Rice University researchers have published new findings that shed new light on processes like photosynthesis and solar energy conversion. Photo by Jorge Vidal/Rice University.

Rice University scientists have used a programmable quantum simulator to mimic how energy moves through a vibrating molecule.

The research, which was published in Nature Communications last month, lets the researchers watch and control the flow of energy in real time and sheds light on processes like photosynthesis and solar energy conversion, according to a news release from the university.

The team, led by Rice assistant professor of physics and astronomy Guido Pagano, modeled a two-site molecule with one part supplying energy (the donor) and the other receiving it (the acceptor).

Unlike in previous experiments, the Rice researchers were able to smoothly tune the system to model multiple types of vibrations and manipulate the energy states in a controlled setting. This allowed the team to explore different types of energy transfer within the same platform.

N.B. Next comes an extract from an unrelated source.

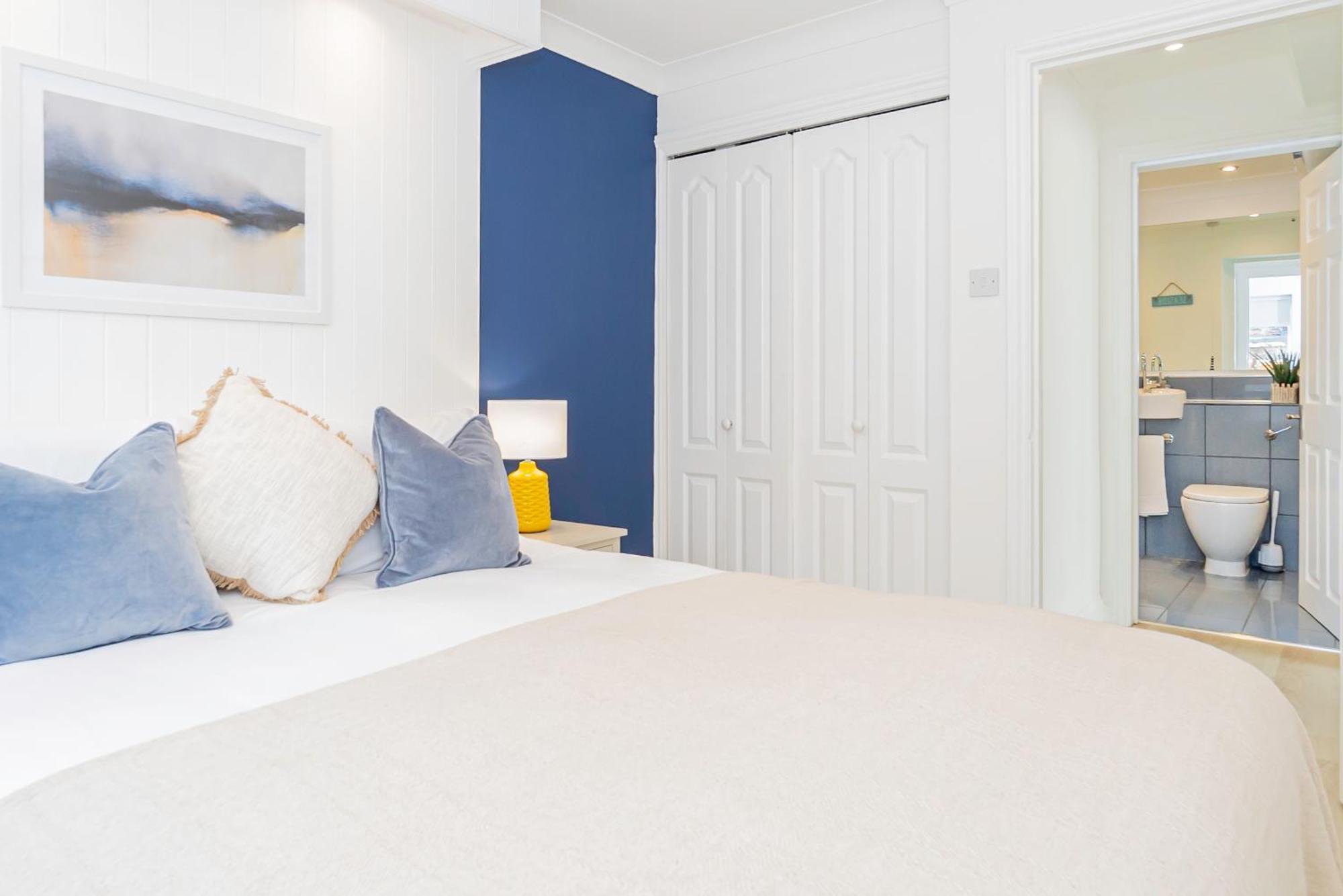 Appartamento Bright & Breezy Portsmouth Esterno foto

“By adjusting the interactions between the donor and acceptor, coupling to two types of vibrations and the character of those vibrations, we could see how each factor influenced the flow of energy,” Pagano said in the release.

The research showed that more vibrations sped up energy transfer and opened new paths for energy to move, sometimes making transfer more efficient even with energy loss. Additionally, when vibrations differed, efficient transfer happened over a wider range of donor–acceptor energy differences.

“The results show that vibrations and their environment are not simply background noise but can actively steer energy flow in unexpected ways,” Pagano added.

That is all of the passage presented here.